Repeat, word for word, all the data that follows, and exclude the pictures.
Start of INFORMATION SHOWN
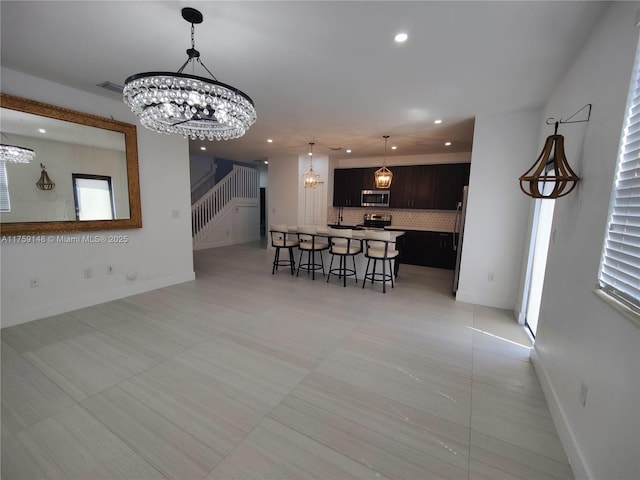 dining area with recessed lighting, stairway, visible vents, and a chandelier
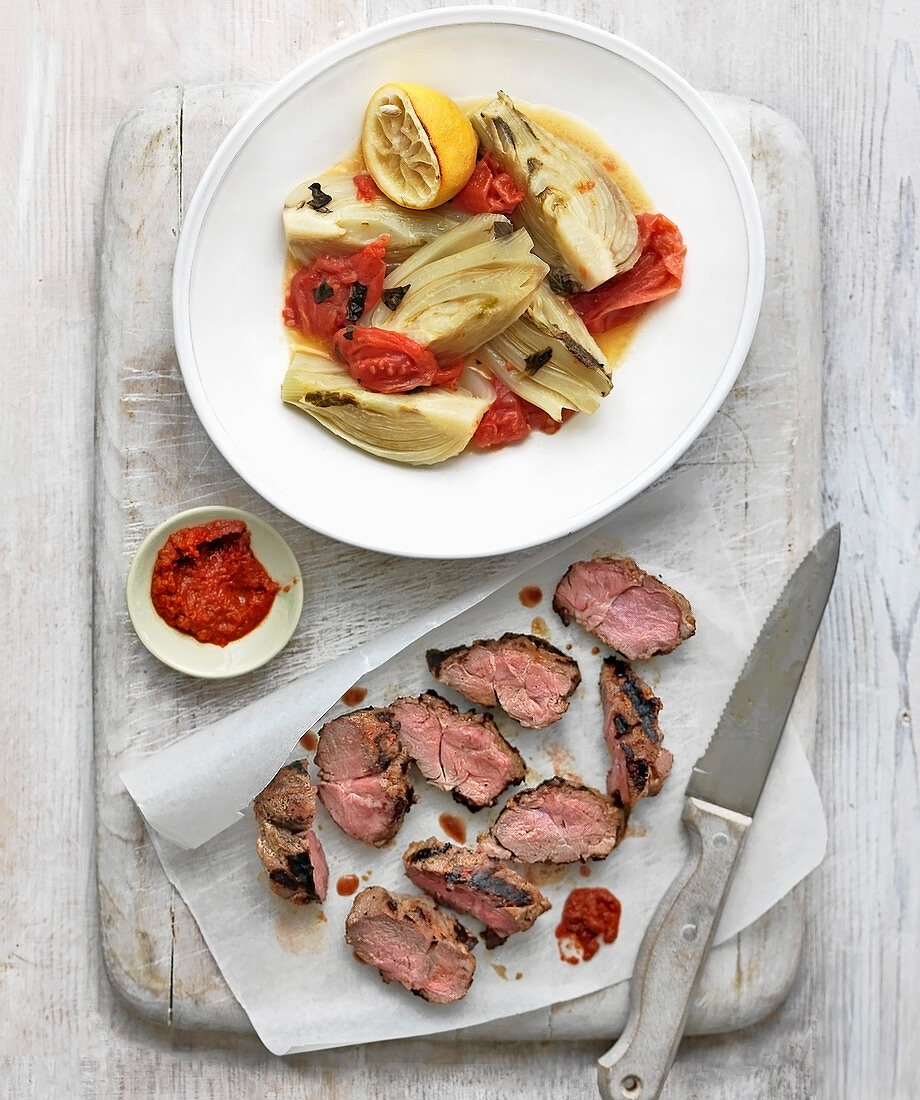 Harissa lamb with fennel tomato and herb parcels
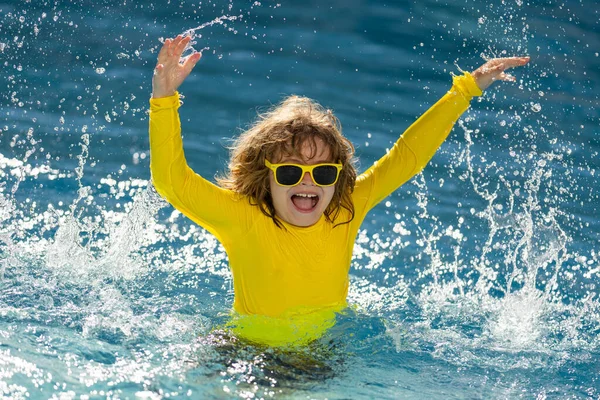 孩子们在夏天的游泳池里飞溅 孩子在游泳池里泼水 兴奋的小男孩跳进了游泳池 水很好玩 小孩跳进游泳池 飞溅在船舷上的小孩 — 图库照片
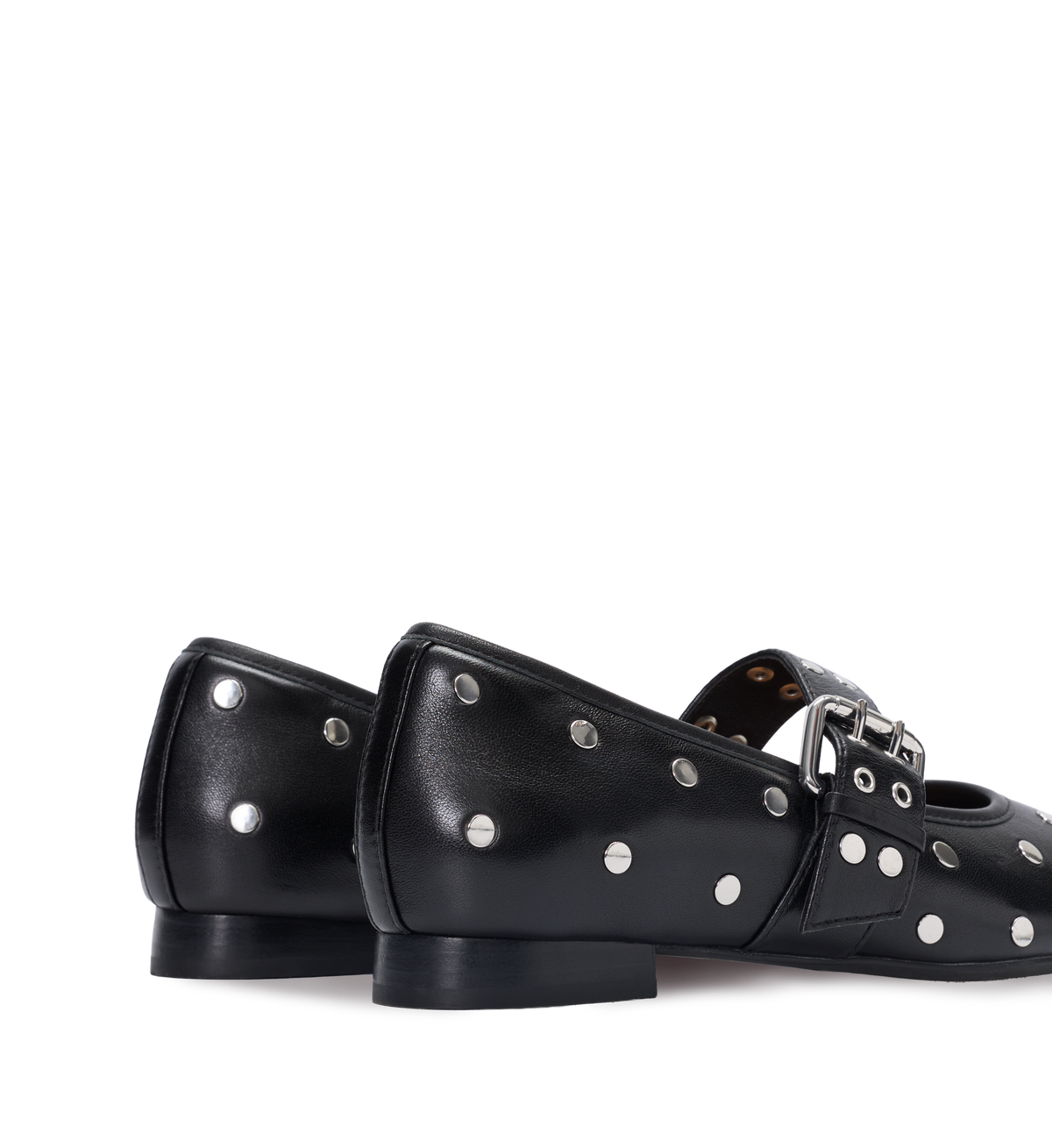 Black leather shoes with silver studs and buckles on a white background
End of INFORMATION SHOWN
▸ **SOLUTION FOR THIS TASK**:
 dining area with recessed lighting, stairway, visible vents, and a chandelier
 Harissa lamb with fennel tomato and herb parcels
 孩子们在夏天的游泳池里飞溅 孩子在游泳池里泼水 兴奋的小男孩跳进了游泳池 水很好玩 小孩跳进游泳池 飞溅在船舷上的小孩 — 图库照片
 Black leather shoes with silver studs and buckles on a white background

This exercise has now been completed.